Until I can feel my gift, until I know it’s there, I can’t go to Finn. I can’t do that to him. It wouldn’t be fair.

“Thank you for coming to get me, José,” I say, when I walk out of the house and see him standing there by the car.

“Ten a.m. sharp, just like always, Marlenita.”

I slip into the back seat. Alone. My mother has stopped accompanying me everywhere. I try not to notice José glancing at me in the rearview mirror as he drives me where we are going and parks in front.

He hands me an umbrella when I get out of the car. “I’ll be here, waiting.”

I can feel his eyes on my back, watching as I head inside the visitors’ entrance of the hospital. The antiseptic smell of the air is familiar to me now, the fluorescent lighting, the shiny tiled floors and long hallways.

The Healer has started doing house calls.

It started because of a letter I received from a mother whose six-year-old son, Jacob, was in the hospital with leukemia. The hospital was close, only a twenty-minute drive. One day I just got in the car and went. Found his room and his mother, sitting there next to him. She was so happy I came, I talked to her, to Jacob, held their hands. I don’t know if my touch healed or not, but I know it mattered to them that I showed up. So I kept going.

Keep going.

First was Jacob, then there were Aurora, Sarena, Dante, Ethan, Diego, Gabby, and Laurel. The list goes on. In the beginning it was penance, it was practice for Finn, it was the hope of the feeling of healing returning. But now, I’m not so sure what compels me.

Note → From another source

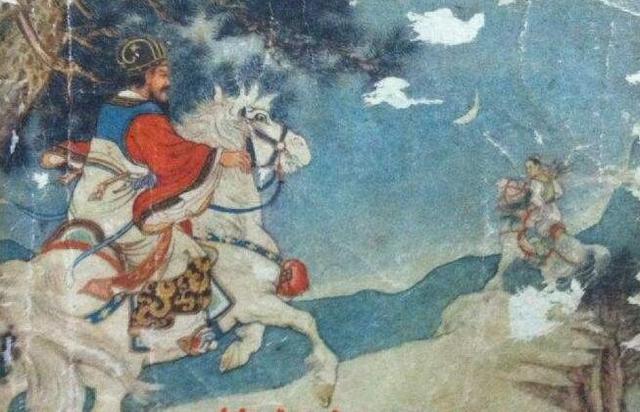 萧何简介和历史事迹，汉朝萧何简介（在项羽分封诸侯王的关键时刻）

I see the people who’ve written me, and I see their doctors. I watch the medics and nurses come and go, study the things they do, the pills offered, the machines and bags of fluid adjusted. The kind words, the brusque manners, the hope they bring, the way they are needed by the sick and the suffering.

Are we somehow the same? Is there any connection between what the nurses and doctors do and what I do? These questions grow louder with each visit. Hildegard was a visionary and a doctor, a medicine woman in her day. Could I be another kind of healer, too?

“Can you tell me how to find room 302?” I ask the nurse at the reception desk.

She stands and points. “Down the hall to the left, take the bank of elevators to the third floor, turn right, and go all the way to the end.”

“Thank you,” I tell her, and try to remember the directions.

When I get to the room, I’m nervous.

Today’s visit is special.

I knock.

“Come in,” calls a voice.

I go inside.

A short woman who is all soft edges gets up to greet me. “Marlena! I’m Valeria.” Valeria’s face is round and friendly. Her voice is reverent. “I can’t believe you’re here. After all this waiting. Thank you.”

“I’m glad I could come, but you need to know, I can’t make any promises.”

“But I have faith that you will save my daughter!”

“Mama! Stop!”

My eyes go to the bed. I see a girl with dark wavy hair and big brown eyes. A thick metal-and-plastic brace is like a box around her torso. Her arms are thin, and from the outline of her legs underneath the blanket, they are thinner. “Hi, Alma,” I say. “It’s good to finally meet you.”

“I can’t believe you’re here, either.” Alma glances at her mother. “Though not for the same reasons as Mama’s.”

“Alma, ¡no seas así!”

Alma gives her mother a pleading look. “¿Nos dejas un minuto a solas? ¿Mama?”

Valeria inhales. I can tell she’s about to protest her daughter’s request to give us time alone. “I work better that way,” I say, before Valeria can speak.

“I’ll be in the hall then,” she says, grabbing her sweater and hurrying out.

When the door shuts I sit down in the chair next to Alma’s bed. “I’ve appreciated your letters.”

Alma’s eyes drop to my hands, which rest on the railing of the bed. “So you decided you wanted to come fix me?”

“I meant what I said to your mother, that I’m not sure if I can.”

“Don’t you want to try?”

The brace Alma wears looks so uncomfortable. It’s difficult not to wish for her to be free of it. “Do you want me to?”

Alma blinks her long lashes, breathing labored. She reaches out and places her hands on top of mine. “It’s what my mother needs.”

“Okay.” I close my eyes, draw Alma’s hand to my cheek. Wait, as I always do, for that feeling in me to stir. Sometimes I think it might be there, just waking up after a long sleep, yawning its way back into my veins. Plenty of gifts of gratitude have arrived at the house, alongside claims of miracles.